Cinque Terre

Luis de la Barreda Solórzano

Sahar

El caso de la joven iraní Sahar Tabar, de tan sólo 19 años (El País, 14 de diciembre), muestra deplorablemente la irracionalidad, que llega a niveles grotescos, y las injusticias, que alcanzan extremos inauditos, que con frecuencia caracterizan el trato de las autoridades a los gobernados en los regímenes fundamentalistas o teocráticos.

Sahar ha sido condenada a 10 años de prisión, una pena que, si no se modifica, la mantendrá privada de su libertad el resto de su juventud y una parte considerable de su vida. ¿Qué hizo la joven para merecer una condena de esa magnitud? ¿Mató, secuestró, mutiló, forzó a una niña a prostituirse, robó un banco?

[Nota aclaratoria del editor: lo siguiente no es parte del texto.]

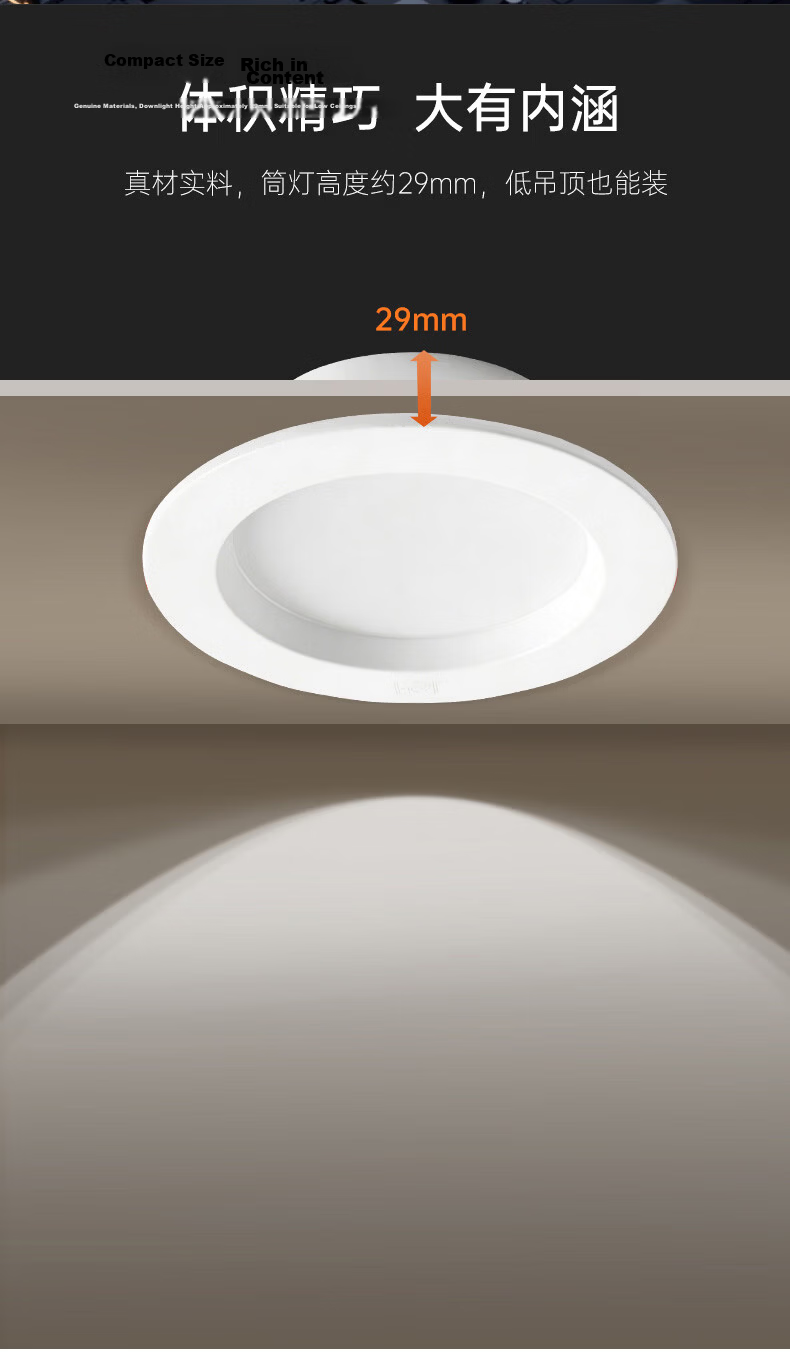 Foshan Lighting (FSL) LED Recessed Downlight Ceiling Spotlight Aluminum All-White 3.5 Inch 7W Cutout 100-110mm Cool White (6500K) 4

El terrible delito por el que se ha impuesto a Sahar ese atroz castigo fue haber subido una serie de fotografías trucadas con maquillaje y Photoshop con las que simuló haberse operado el rostro 50 veces. Las fotos tuvieron casi medio millón de seguidores en Instagram. El nombre de la joven registró más de esa cantidad de resultados en Google.

Sahar se hizo famosa al mostrar su cara distorsionada supuestamente por operaciones estéticas y una delgadez extrema. Algunos la apodaron la novia cadáver por su parecido con el personaje de la película de Tim Burton. Otros pensaron que quería parecerse a Angelina Jolie, aunque en ninguna de las fotos se parece ni lejanamente a la bellísima actriz. Pero ella no quería parecerse a Angelina ni ese era su aspecto real.

Las sospechas sobre las imágenes surgieron cuando usuarios de internet notaron que las fotos parecían alteradas con Photoshop. La joven fue objeto de tal acoso en Instagram que privatizó su cuenta, aunque multitud de cuentas espejo no dejaban de subir sus imágenes.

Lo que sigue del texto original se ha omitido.